__Your objective__
Aside from the pictures, copy the listing exactly.

__Stored data__
◇ ◇ ◇ ◇ ◇ ◇ ◇

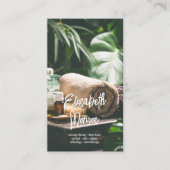 スパマッサージセラピストスクリプト 予約カード (正面)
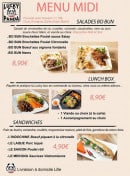 Menu Lucky Panda - Les menus midi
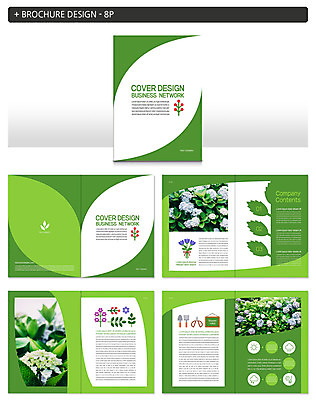 템플릿 ZIP 잎 팜플렛 사람없음 수국 인디자인 INDD 이미지템플릿 식물 꽃 파일형식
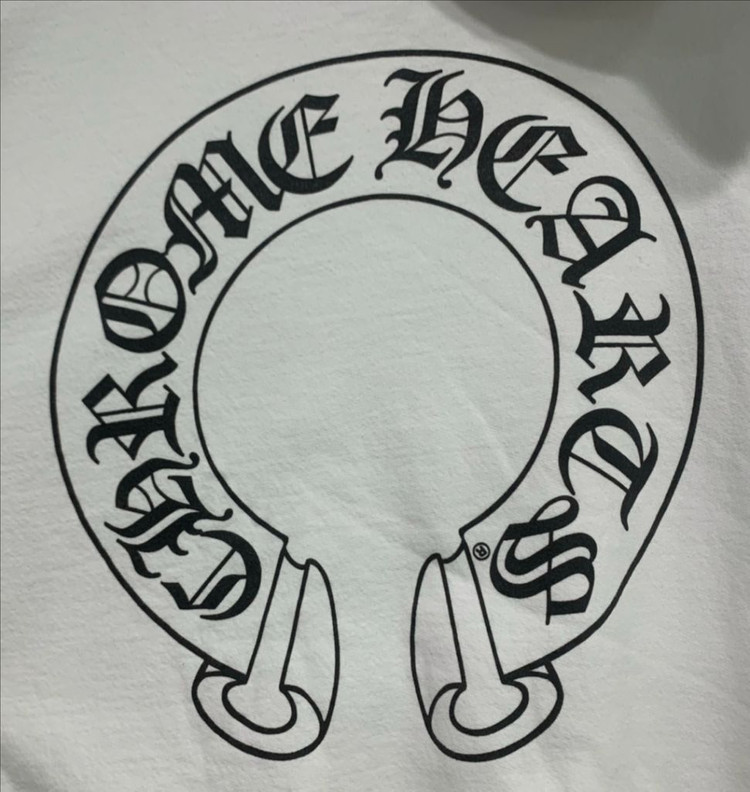 [XXL]크롬하츠 홀스슈 플로랄 후드티셔츠 화이트 이미지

◇ ◇ ◇ ◇ ◇ ◇ ◇

__Response for this exercise__
 スパマッサージセラピストスクリプト 予約カード (正面)
 Menu Lucky Panda - Les menus midi
 템플릿 ZIP 잎 팜플렛 사람없음 수국 인디자인 INDD 이미지템플릿 식물 꽃 파일형식
 [XXL]크롬하츠 홀스슈 플로랄 후드티셔츠 화이트 이미지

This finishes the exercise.